Today’s MINI, in whatever guise, is anything but. I followed an Issigonis original not long ago, and thought how small and vulnerable it looked. This masterclass in packaging was a smidgen over 10ft long, and just 4ft 7 inches broad. Pepper Street car park could easily accommodate one. The girthsome 2022 Cooper would find it more of a squeeze, being 13 inches broader and 12ft 6 inches long.
The ‘size matters’ mantra appears to being applied to electric cars that have the advantage of being clean sheet designs, for which there are some interesting packaging opportunities. Take the interesting looking Hyundai Ioniq 5, a five-door family hatchback that’s 15ft long and 6.2ft wide. Its Kia EV6 cousin is an inch narrower, but fractionally longer. They’re both unashamedly big cars, but I wonder whether their replacements will be bigger still.

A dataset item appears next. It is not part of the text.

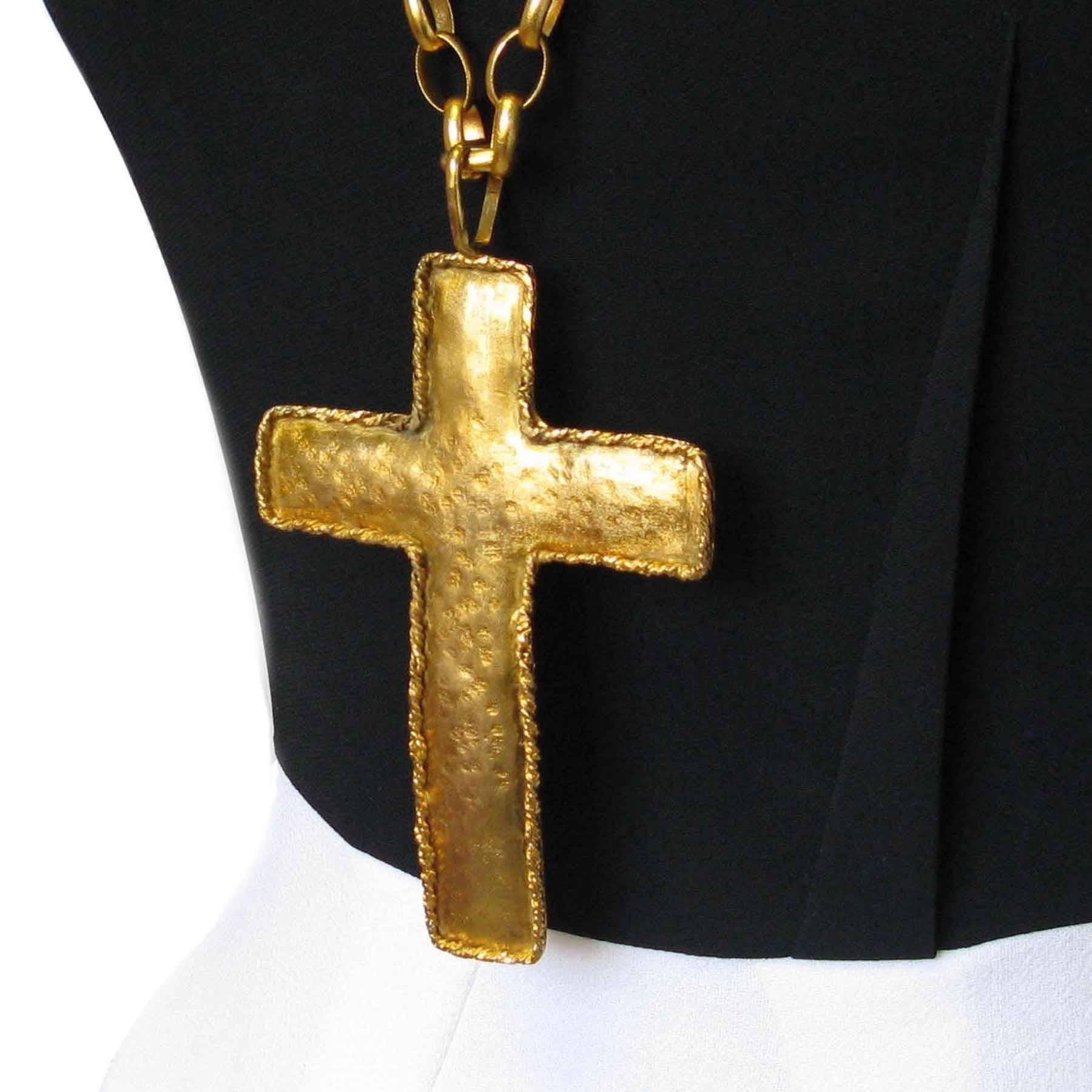 MARGUERITE DE VALOIS Cross Pendant Necklace in Gold Plated Metal 2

I know vehicle design is as much the product of legislation, marketing requirements and customer tastes as engineering, and generally speaking, people are bigger now than they were when Pepper Street car park was the future rather than an ‘oblique misery in exposed aggregate,’ but modern cars need to go on a diet and many of them would benefit from being smaller. This would make our miserably crowded roads just that little bit more bearable, and if people learned how to park properly, would create a bit more space for them to do so, even in the Pepper Street car park.